I think this only applies in Cactuar's ruleset because with the current stage list, CPs aren't strong enough to give the player a significant (10-15%) advantage. Either way, I'd be interested in seeing a chart that somehow takes CPs into consideration for the probability.

 

[xianglongfa]

1) That the probability of taking a stock is independent. This is clearly false, but I currently see no reasonable way to account for it.
2) That the probability of winning a match is independent. Again, false, but it would be overly complicated to try and take this into consideration.

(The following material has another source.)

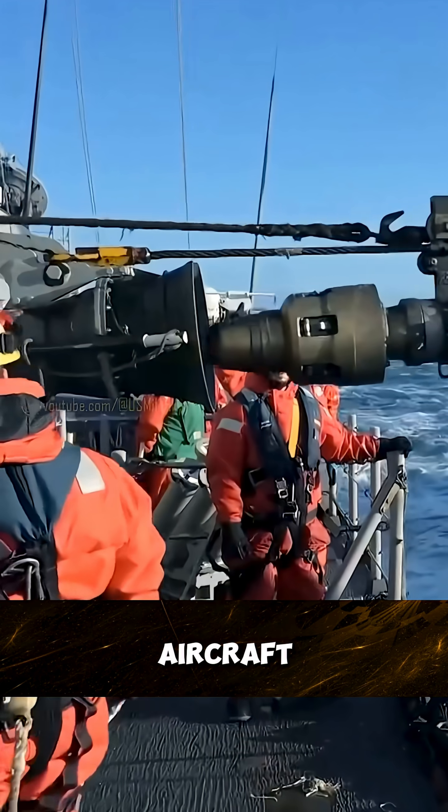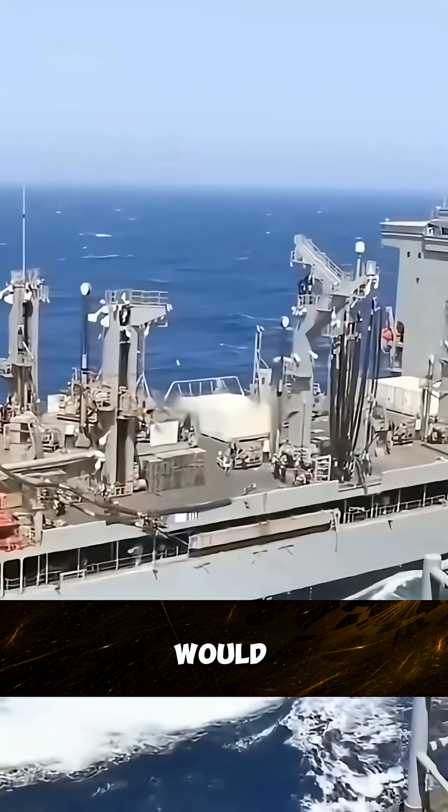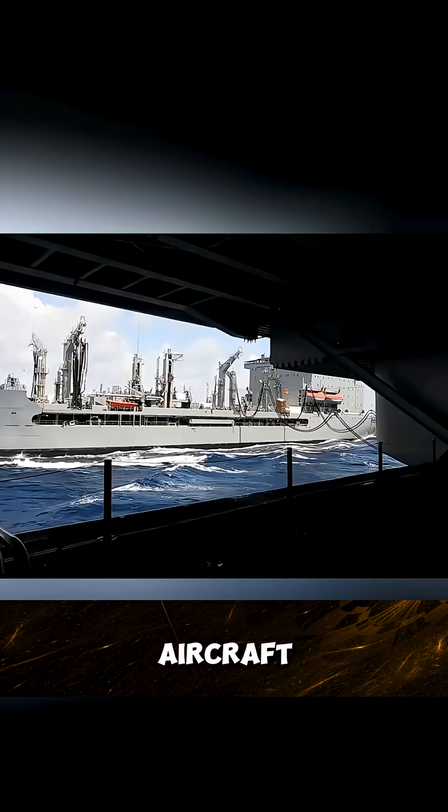How long does it take to refuel an aircraft carrier? If I told you it takes six years, would you think I'm exaggerating? This actually happened on the USS George Washington, a U.S. Navy aircraft carrier.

For the above simplifying assumptions to be as reasonable as possible, think high level falco dittoes on FD only. (maybe on point[mango v. pp])

 

[Kal]

That's an interesting table. Putting a little more application into it, picking a really strong CP would add maybe 10-15% probability to the losing player. This is, I think, enough of a gap to fairly determine who the better player truly is between the two and have that player win the match. If the better player is 15+% better, then he will likely defeat the losing player even on unfavorable CPs. If the player is less than 10% better, then the other player deserves the possibility of winning, and whoever wins on the neutral will probably win the set.

I think this only applies in Cactuar's ruleset because with the current stage list, CPs aren't strong enough to give the player a significant (10-15%) advantage. Either way, I'd be interested in seeing a chart that somehow takes CPs into consideration for the probability.

I can see about writing something more general in python that allows you to input what the probability of winning a counterpick is. I could also allow you to input what the probability of winning a stock is, given how many you've taken without losing any. Of course, any choice for these inputs would be pretty hard to justify.

 

[xianglongfa]

Building a robust Bayesian model for this would be a fun project. Modeling the neutral game with Markov matrices would be another.

 

[Kal]

Ugh, I hate probability.

 

[Cactuar]

Just to point this out, the closer the probability of winning is to 50% in non-even matchups, the bigger the skill difference between two players must be to gain higher odds of winning.